E allora? Allora studiare fa vivere meglio, noi e gli altri. Stando ancora ai dati Istat nel 2013 la quota di italiani con età tra i 25 e i 64 anni che hanno un diploma superiore era del 58,2 per cento, più di 15 punti percentuali in meno della media europea (pari al 74,9 per cento). E per i laureati il divario è ancor maggiore: 22,4 per cento in Italia, contro il 40 per cento europeo.

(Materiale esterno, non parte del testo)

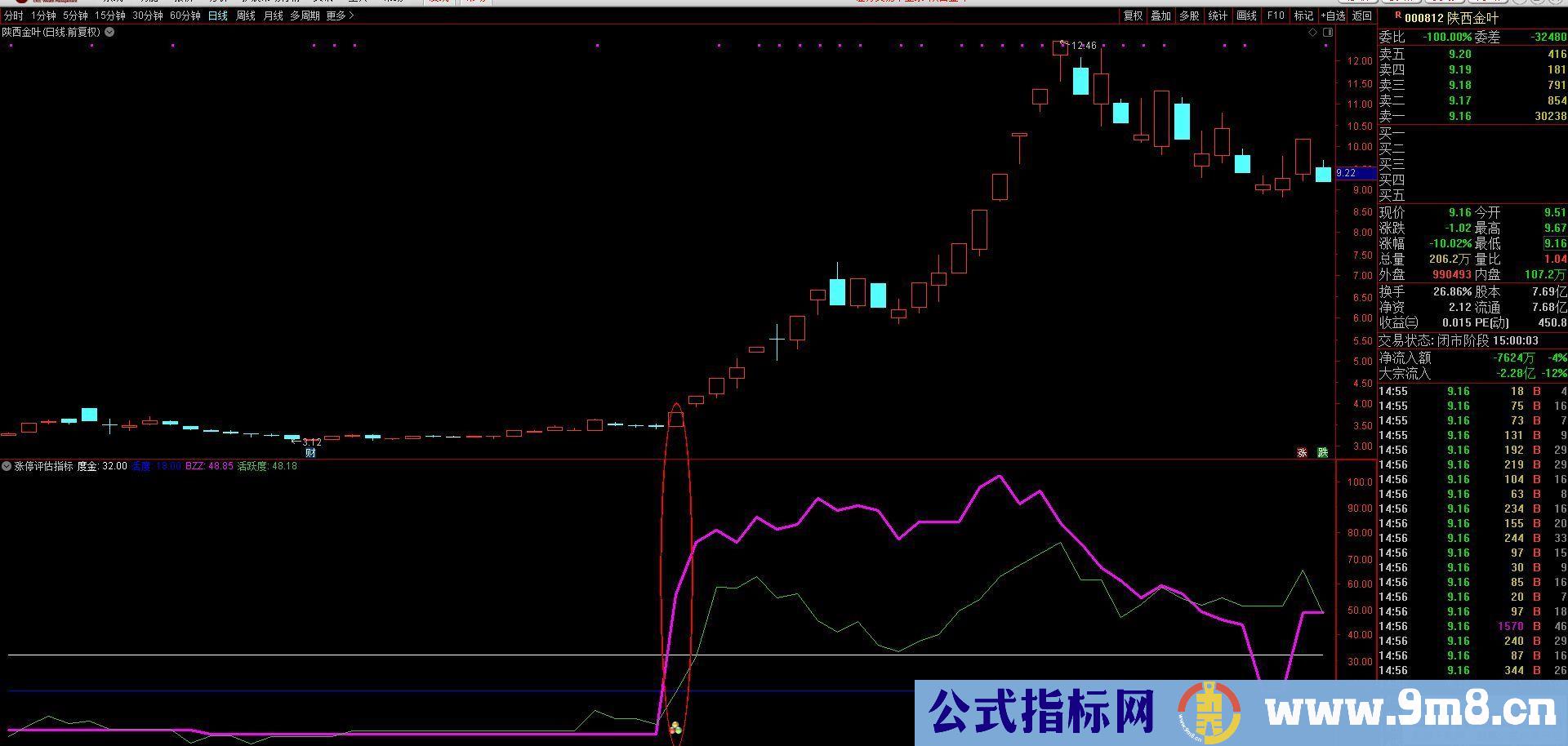 通达信【涨停评估指标】一个能区别强弱的指标 为打板做好准备 副图/选股预警 源码 贴图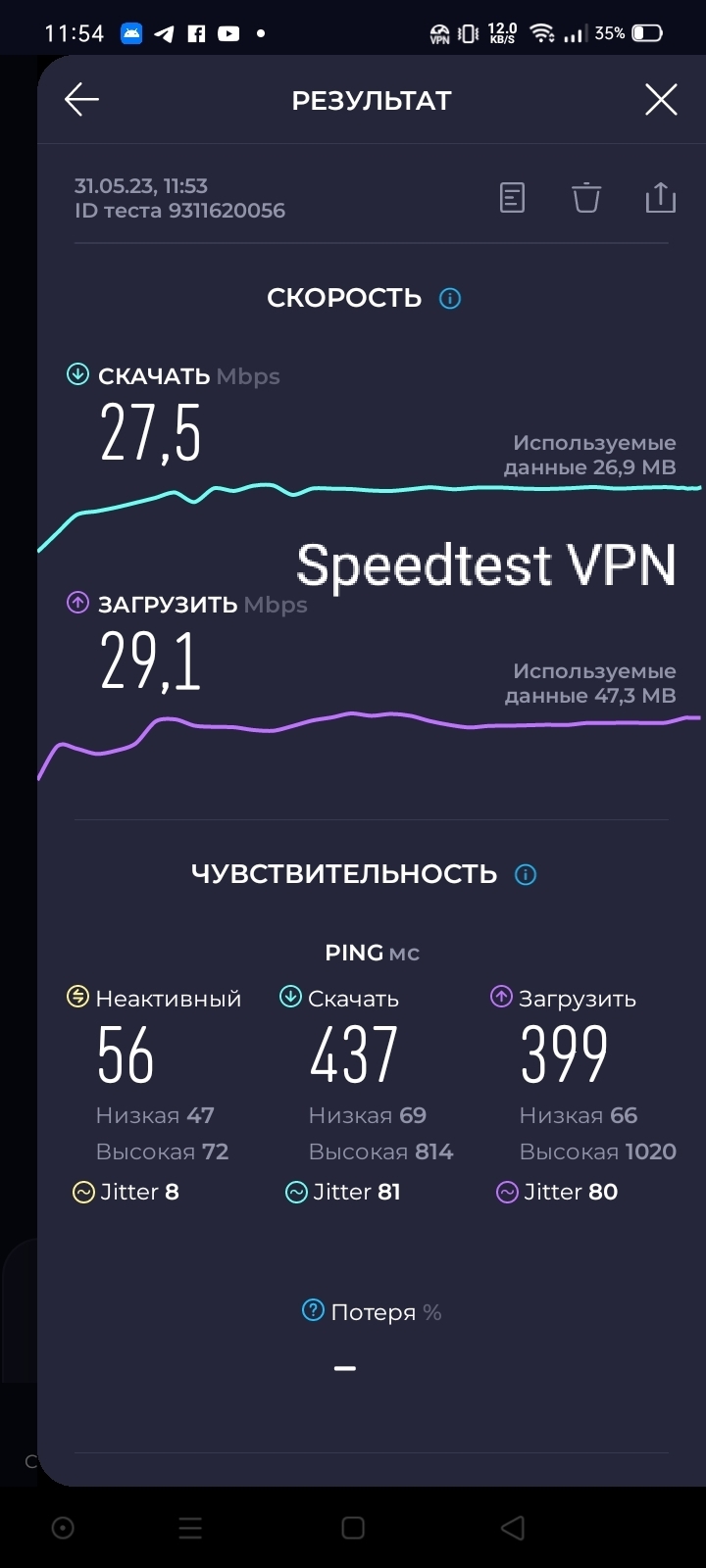 Лучший быстрый впн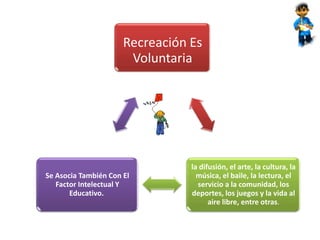 Recreación Es
                       Voluntaria




                                 la difusión, el arte, la cultura, la
Se Asocia También Con El           música, el baile, la lectura, el
   Factor Intelectual Y            servicio a la comunidad, los
       Educativo.                deportes, los juegos y la vida al
                                       aire libre, entre otras.
 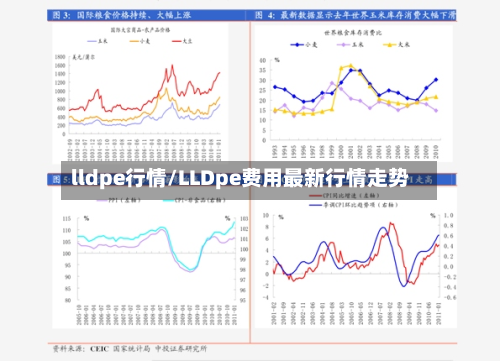 lldpe行情/LLDpe费用最新行情走势-第3张图片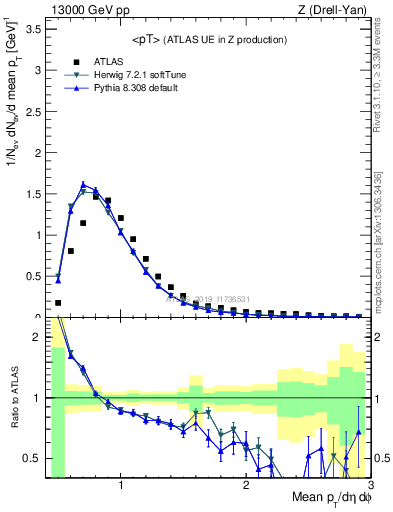 Plot of avgpt in 13000 GeV pp collisions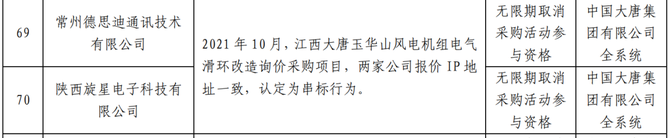 第六批據風電觀察統計,截止2023年5月20日,大唐集團已經陸續處理了6批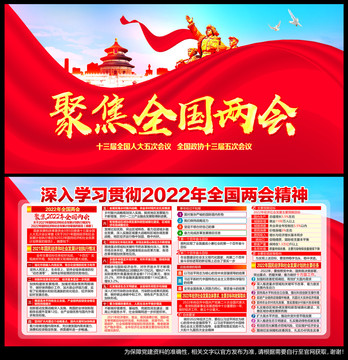 2022年全国两会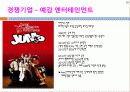 PMC프로덕션 (Performance Music Cinema) 30페이지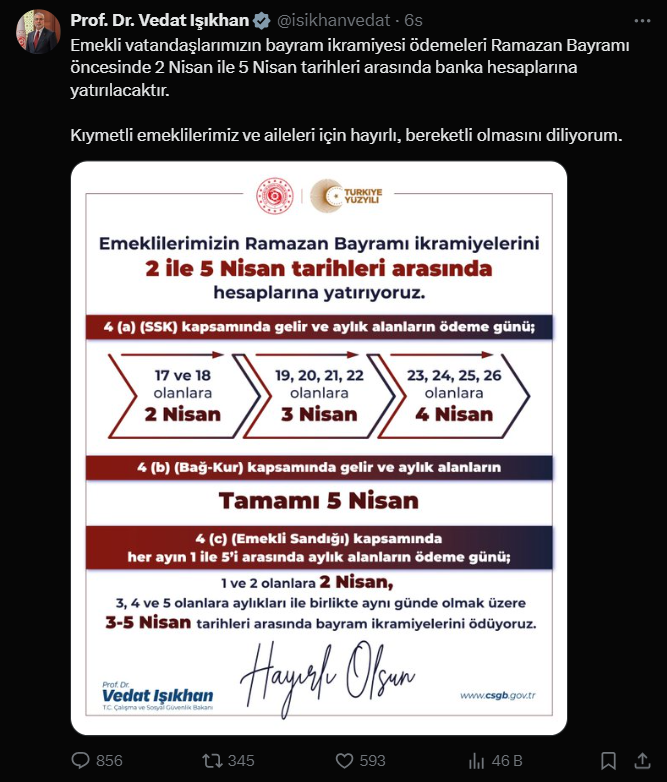 Emeklilerin bayram ikramiyesi,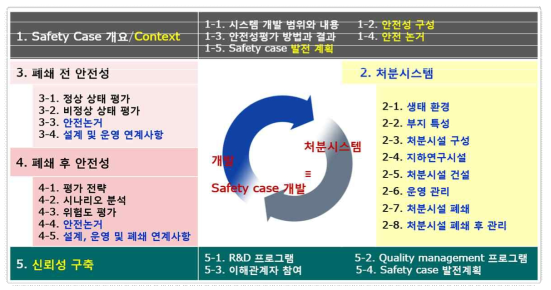 Safety case 개발 기본지침의 체계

Se anziché di titolo di studio parliamo di competenze, le cose non vanno meglio. Scrive l’Ocse che l’Italia è l’ultima tra ventitré nazioni per competenze “letterarie” (abilità nel leggere e scrivere), sia nella fascia d’età tra i 16 e i 29 anni che in quella tra i 30 e i 54.
In tema di istruzione permangono poi, scrive lavoce.info, marcate differenze sociali. Quelle 900 parole sono ancora lì a differenziare le classi sociali e dicono che i ragazzi figli di genitori con titoli di studio più elevati abbandonano gli studi assai meno rispetto ai figli di chi ha frequentato solo la scuola dell’obbligo: il tasso di abbandono scolastico è infatti del 2,7 per cento per i figli dei laureati e del 27,3 per cento per i figli di chi ha la scuola dell’obbligo.
E ciò è vero anche in termini di mobilità verso l’alto. In media, nei paesi del rapporto Ocse un giovane tra i 20 e i 34 anni i cui genitori hanno un diploma di scuola media superiore ha una probabilità doppia di ottenere una laurea rispetto a chi ha i genitori che hanno frequentato solo la scuola dell’obbligo. Se i genitori sono laureati la probabilità diventa 4,5 volte maggiore. In Italia il divario diventa ancor più grande: i figli dei laureati hanno una probabilità ben 9,5 volte maggiore.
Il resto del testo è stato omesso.